When my daughter Rebecca was 19 months old, her baby brother died.
He was only a month old.
We learned when I was about 5 months pregnant about his heart condition, and that things would be very touch and go. We spent the last four months of the pregnancy petrified of what was going to happen, and so scared of losing him.
For the next few months I was in a grieving haze too. We tried to keep Rebecca’s life as normal as possible, keeping her routine as much as possible. Keith took a few weeks off of work and we went to the zoo and some big parks and tried to make some memories with her. But we were a mess.
I became pregnant with Katie just two months after he passed away. I was so scared all through her pregnancy that I would lose her too. And I knew the dangers to her of me trying to make her take her brother’s place. I tried so hard to love her for her (and I think I more or less succeeded). But there was absolutely no way that I did that perfectly.
Rebecca and I have talked about how she missed some developmental milestones between one and two years of age.
Maybe she’ll talk about it on a podcast coming up, because she understands developmental milestones better than I do, but the stuff that you’re supposed to have down pat before a year of age she learned with flying colours, and the stuff that you solidify after age two she learned with flying colours, but the stuff between one and two she’s often had issues with, likely because that year was the most stressful of our lives, and Keith and I just weren’t focused on her.

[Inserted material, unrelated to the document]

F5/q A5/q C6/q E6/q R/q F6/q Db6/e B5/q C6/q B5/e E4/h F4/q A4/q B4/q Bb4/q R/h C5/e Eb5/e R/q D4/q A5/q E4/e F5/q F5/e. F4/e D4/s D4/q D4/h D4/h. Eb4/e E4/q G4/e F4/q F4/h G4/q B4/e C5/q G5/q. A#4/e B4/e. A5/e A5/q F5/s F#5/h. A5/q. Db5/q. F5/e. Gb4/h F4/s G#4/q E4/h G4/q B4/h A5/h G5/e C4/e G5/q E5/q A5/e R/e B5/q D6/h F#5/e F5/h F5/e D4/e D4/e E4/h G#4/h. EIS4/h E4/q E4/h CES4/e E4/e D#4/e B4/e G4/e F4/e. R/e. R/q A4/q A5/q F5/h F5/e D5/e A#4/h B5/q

We were focused on her brother and we were focused on ourselves.
And really, it couldn’t have been any other way.
The fact that Rebecca’s development and attachment was affected was not my fault.
But that doesn’t mean that it WASN’T affected. And I think part of being a good parent is helping your kids acknowledge where their well-being and their lives may have been messed up, even by things that aren’t your fault.
We live in an imperfect world, which means that no one is going to escape without some sort of attachment issues from childhood.
Sometimes that can be due to a parent’s selfishness or maliciousness or laziness, but often it’s not. Often parents are doing the best they can do, but other things come into play.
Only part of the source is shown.